The job of getting a book published with NO errors in it is practically impossible. It is difficult to do proof reading and SEE all the details and trivia that must be verified for accuracy. As for my own typing efforts, I am well aware how errors can creep in, and subsequent re-readings fail to detect these mistakes. I have looked over these files many times, and I STILL discover mistakes, some really tiny, like having a comma instead of a period. One has to be looking very closely at the text to spot that kind of thing. It makes the typing job a bit difficult to be working with text that follows a different set of rules as to spelling and capitalization. Tempting to try to "Americanize" the text according to my own training, but that would be an error for these texts, as that is not the culture being reflected here. These tiny details can be very tricky, like the American concept of "names of seasons have initial caps" but in these Ransome writings such words are all lower case. I have to avoid the temptation to "correct" it and make that initial letter a cap.
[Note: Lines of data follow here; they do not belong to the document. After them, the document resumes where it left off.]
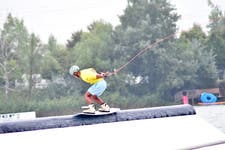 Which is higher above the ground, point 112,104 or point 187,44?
point 187,44

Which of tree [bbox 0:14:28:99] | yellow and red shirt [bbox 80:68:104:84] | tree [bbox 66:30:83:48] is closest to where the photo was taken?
yellow and red shirt [bbox 80:68:104:84]

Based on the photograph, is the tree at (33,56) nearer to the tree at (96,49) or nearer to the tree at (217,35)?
the tree at (96,49)

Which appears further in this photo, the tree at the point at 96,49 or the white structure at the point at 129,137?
the tree at the point at 96,49

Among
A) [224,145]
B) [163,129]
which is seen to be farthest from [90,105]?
[224,145]

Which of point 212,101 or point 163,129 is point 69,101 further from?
point 163,129

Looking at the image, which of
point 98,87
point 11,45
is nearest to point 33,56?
point 11,45

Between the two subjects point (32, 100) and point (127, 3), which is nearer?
point (32, 100)

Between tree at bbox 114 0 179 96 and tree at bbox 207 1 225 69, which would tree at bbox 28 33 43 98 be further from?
tree at bbox 207 1 225 69

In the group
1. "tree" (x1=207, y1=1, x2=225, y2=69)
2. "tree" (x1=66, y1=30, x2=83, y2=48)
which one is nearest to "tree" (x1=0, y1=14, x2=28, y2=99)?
"tree" (x1=66, y1=30, x2=83, y2=48)

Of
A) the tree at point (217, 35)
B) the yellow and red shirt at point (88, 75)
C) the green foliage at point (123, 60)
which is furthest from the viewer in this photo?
the tree at point (217, 35)

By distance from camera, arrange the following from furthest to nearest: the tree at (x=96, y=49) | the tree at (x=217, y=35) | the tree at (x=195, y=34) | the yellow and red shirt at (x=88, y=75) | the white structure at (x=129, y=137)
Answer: the tree at (x=195, y=34), the tree at (x=217, y=35), the tree at (x=96, y=49), the yellow and red shirt at (x=88, y=75), the white structure at (x=129, y=137)

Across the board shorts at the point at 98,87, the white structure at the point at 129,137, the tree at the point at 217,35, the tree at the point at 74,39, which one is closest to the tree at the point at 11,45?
the tree at the point at 74,39

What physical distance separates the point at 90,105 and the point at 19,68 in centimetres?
686

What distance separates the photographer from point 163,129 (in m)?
0.93
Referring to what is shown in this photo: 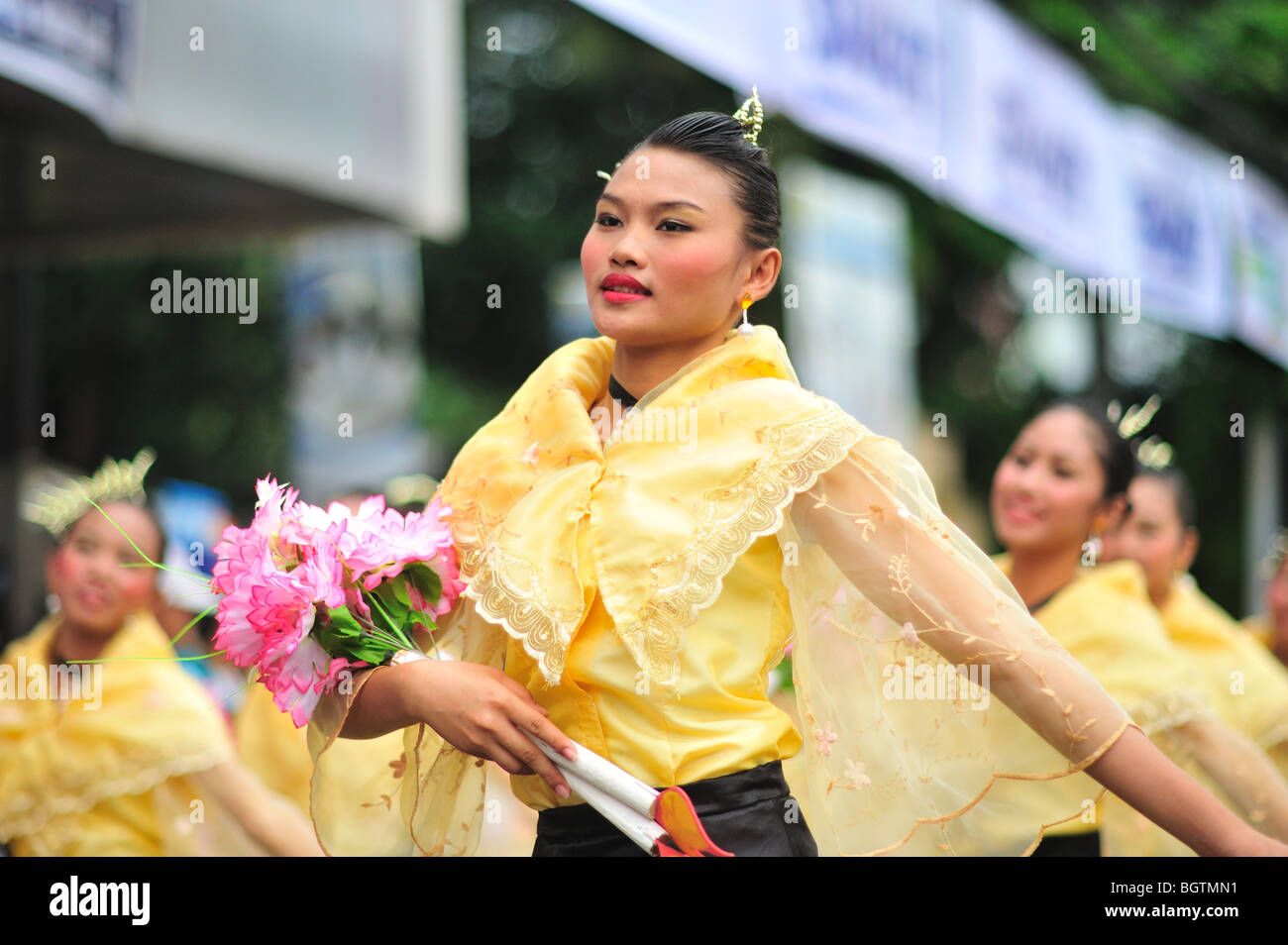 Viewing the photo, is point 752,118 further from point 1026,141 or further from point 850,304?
point 850,304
It has been a very educational experience to see these detail differences. For me, it has been a great opening to awareness of my English cousins across the Pond, a way to get to know and appreciate those people and places which are indeed my own roots, and thus are really a part of my own heritage, as an American. It has been delightful to make these discoveries, all with the help of many on this forum who have had the patience and have taken the time to answer my many questions regarding that which I dared to call "oddities", so to my Ransome friends -- THANKS. This learning process never stops.